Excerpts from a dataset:
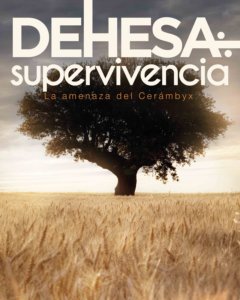 Teatro Liceo Dehesa: supervivencia. La amenaza del Cerámbyx Salamanca Noviembre 2021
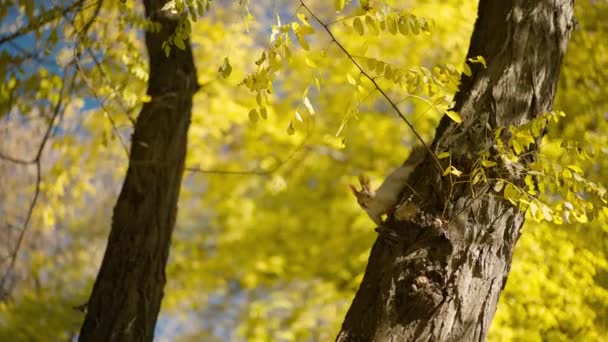 Zabawna Wiewiórka Pniu Drzewa Parku Spaceru Odwraca Głowę Patrząc Aparacie — Wideo stockowe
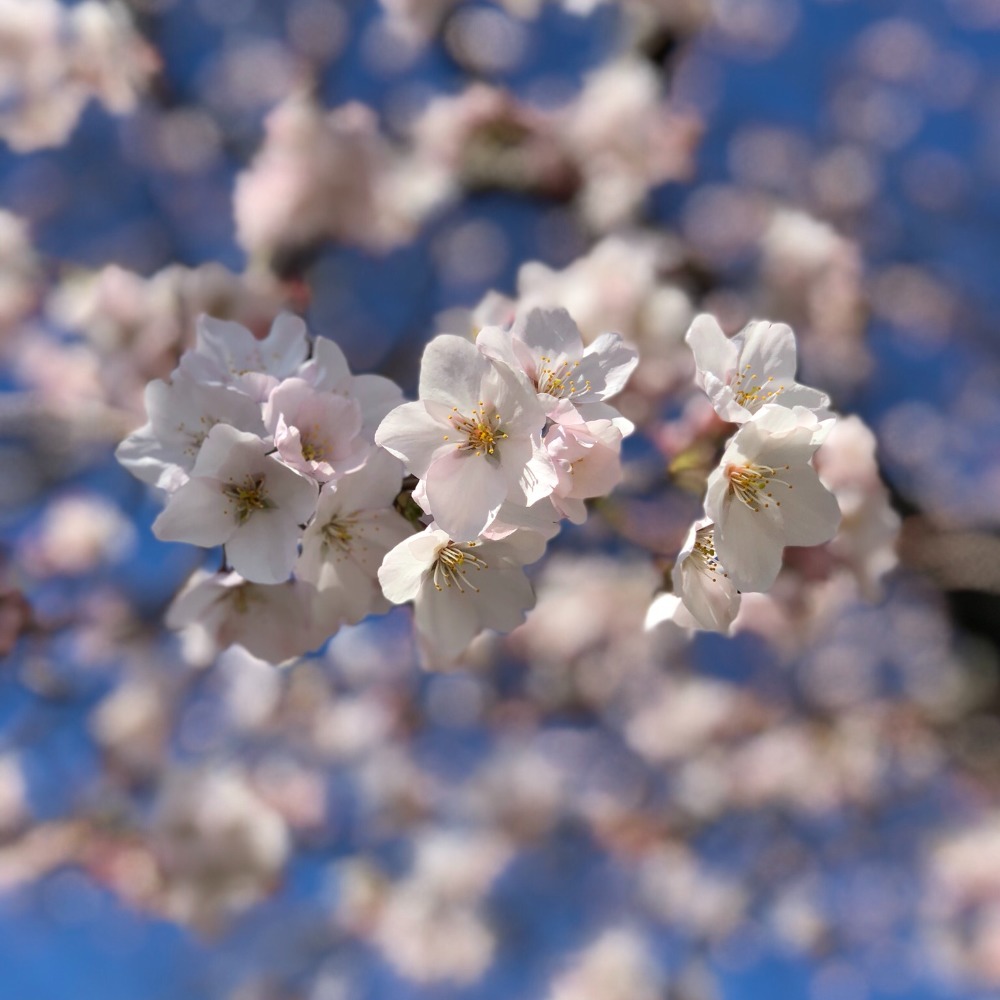 Meet your Posher, Wendy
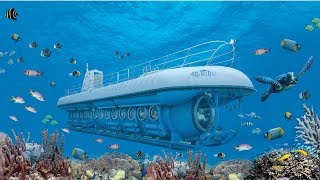 Atlantis Submarines Aruba  De Palm Tours [upl. by Neenad]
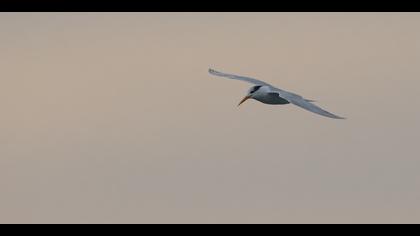 Tepeli sumru » Lesser Crested Tern » Thalasseus bengalensis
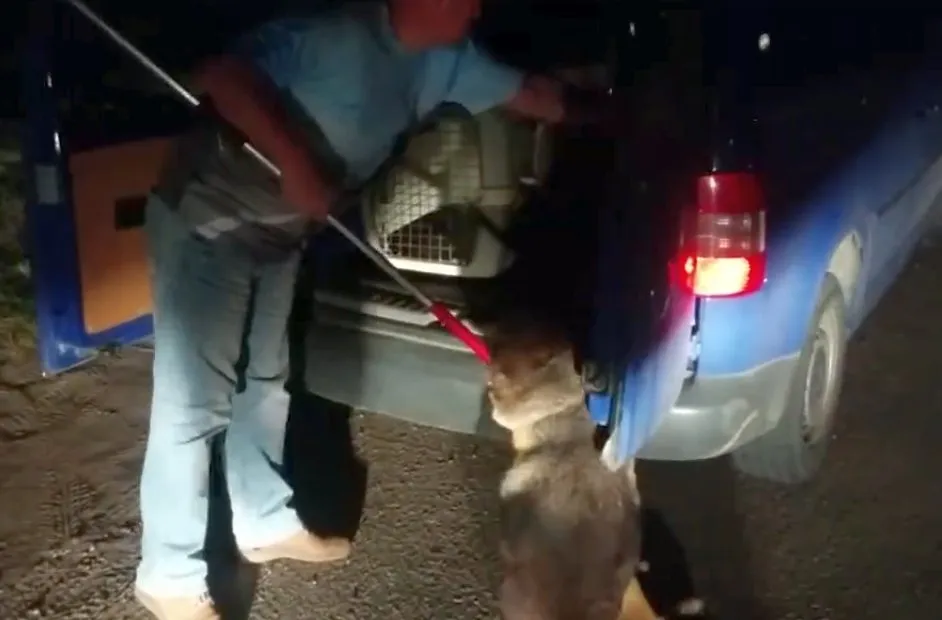 Žiaurus elgesys su gyvūnais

Your objective:
Return all the data exactly, pictures omitted.

Task response:
 Teatro Liceo Dehesa: supervivencia. La amenaza del Cerámbyx Salamanca Noviembre 2021
 Zabawna Wiewiórka Pniu Drzewa Parku Spaceru Odwraca Głowę Patrząc Aparacie — Wideo stockowe
 Meet your Posher, Wendy
 Atlantis Submarines Aruba  De Palm Tours [upl. by Neenad]
 Tepeli sumru » Lesser Crested Tern » Thalasseus bengalensis
 Žiaurus elgesys su gyvūnais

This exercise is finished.